**INPUT DATA:**
--- --- ---

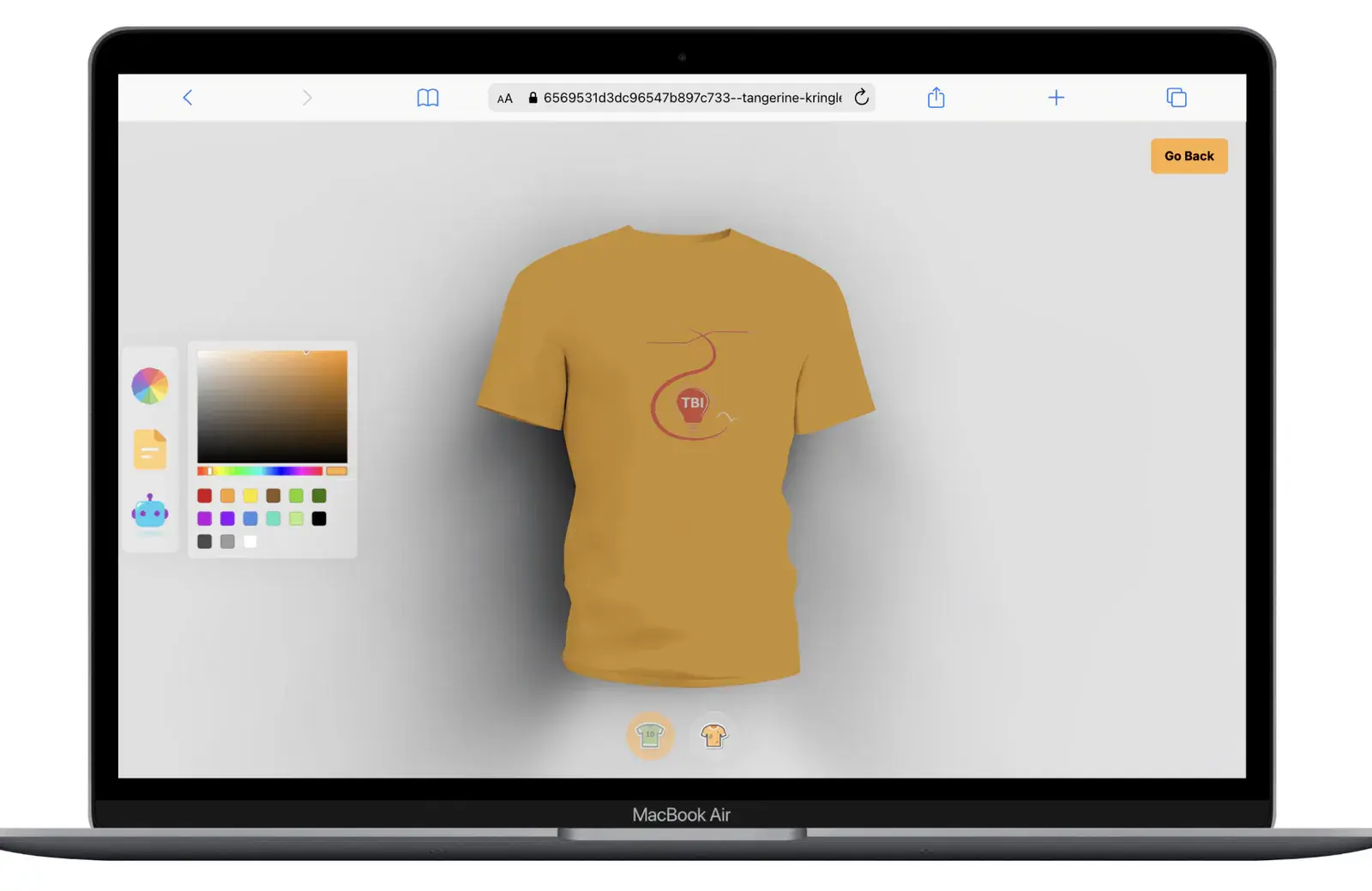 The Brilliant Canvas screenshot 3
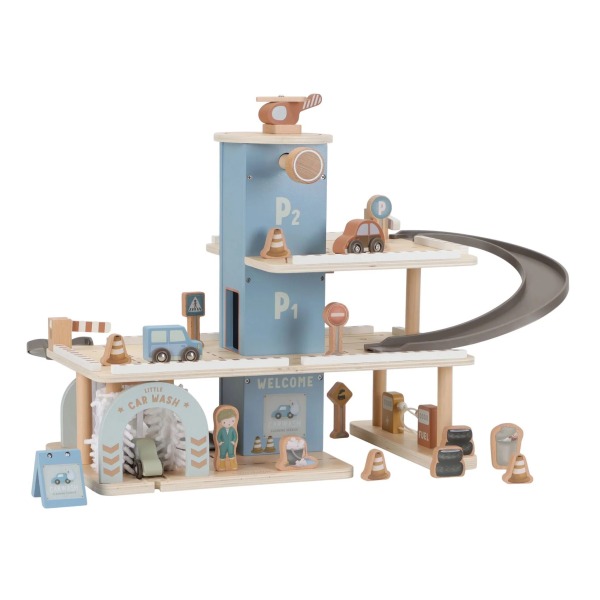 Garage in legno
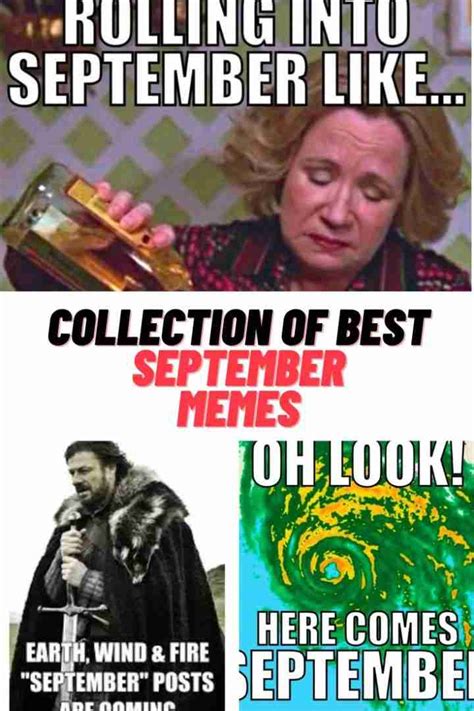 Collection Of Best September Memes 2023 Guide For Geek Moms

--- --- ---

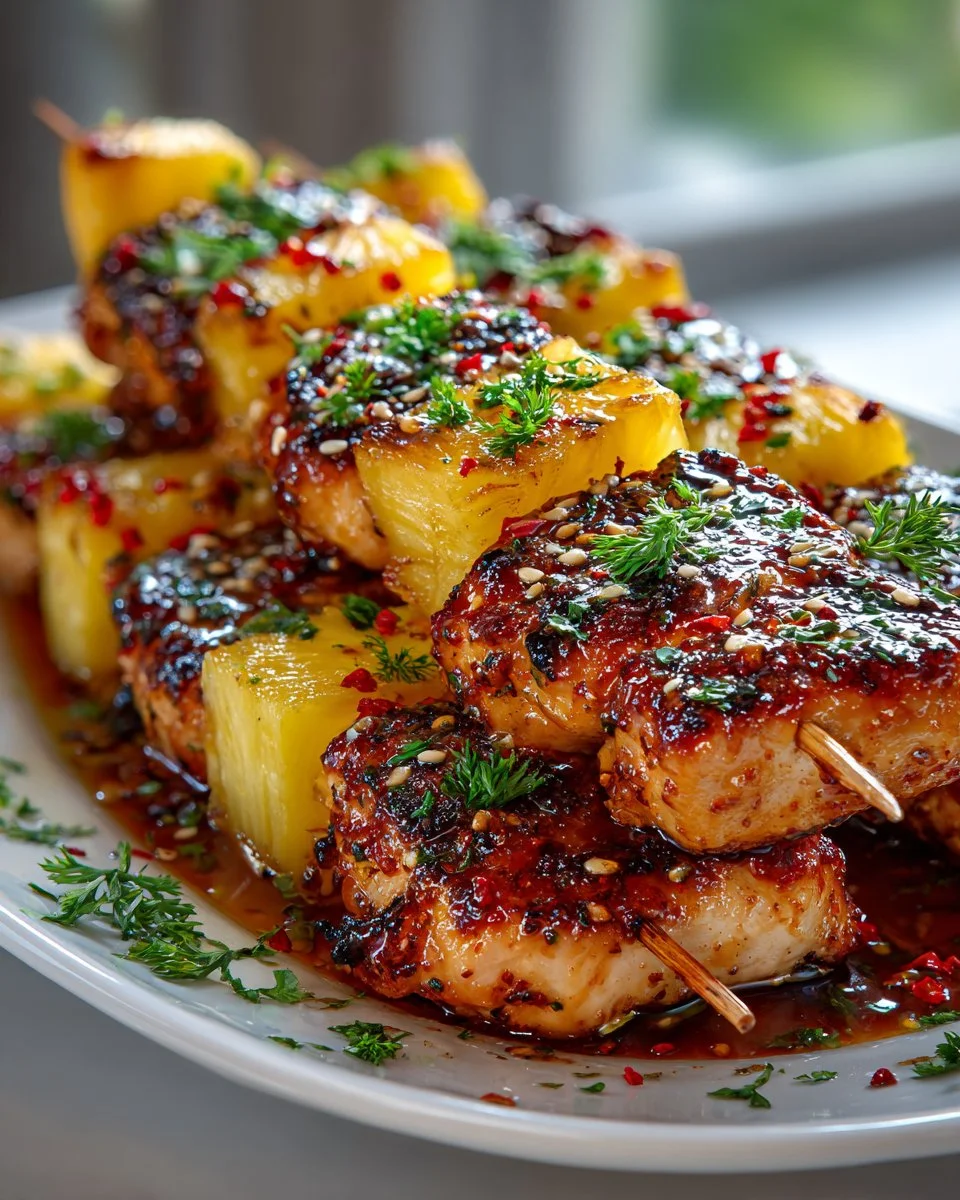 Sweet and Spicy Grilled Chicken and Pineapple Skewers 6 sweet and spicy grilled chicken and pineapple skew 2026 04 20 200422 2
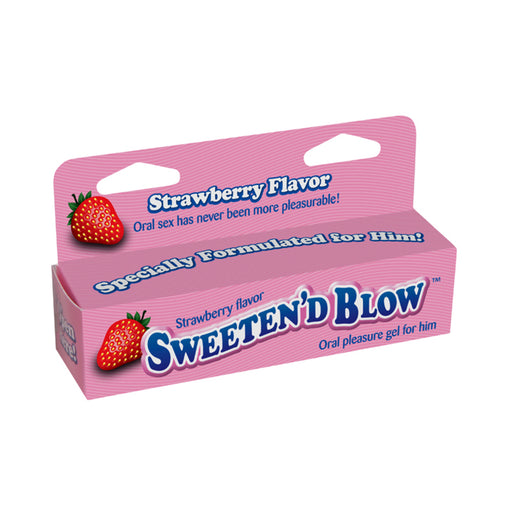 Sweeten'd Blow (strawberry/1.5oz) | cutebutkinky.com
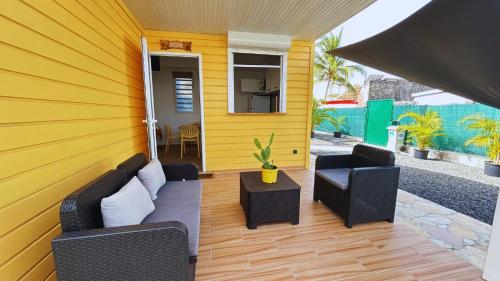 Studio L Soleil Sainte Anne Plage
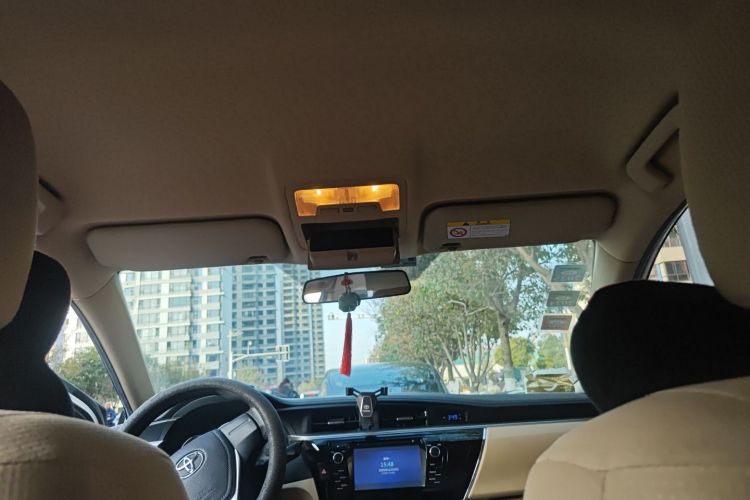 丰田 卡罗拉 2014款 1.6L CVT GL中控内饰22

--- --- ---

**INSTRUCTIONS TO FOLLOW:** Find the line with "The Brilliant Canvas screenshot 3" in the entries above. Set down exactly every line from it up to and including the line with "Collection Of Best", images excluded.

**REPLY TO THE TASK:**
 The Brilliant Canvas screenshot 3
 Garage in legno
 Collection Of Best September Memes 2023 Guide For Geek Moms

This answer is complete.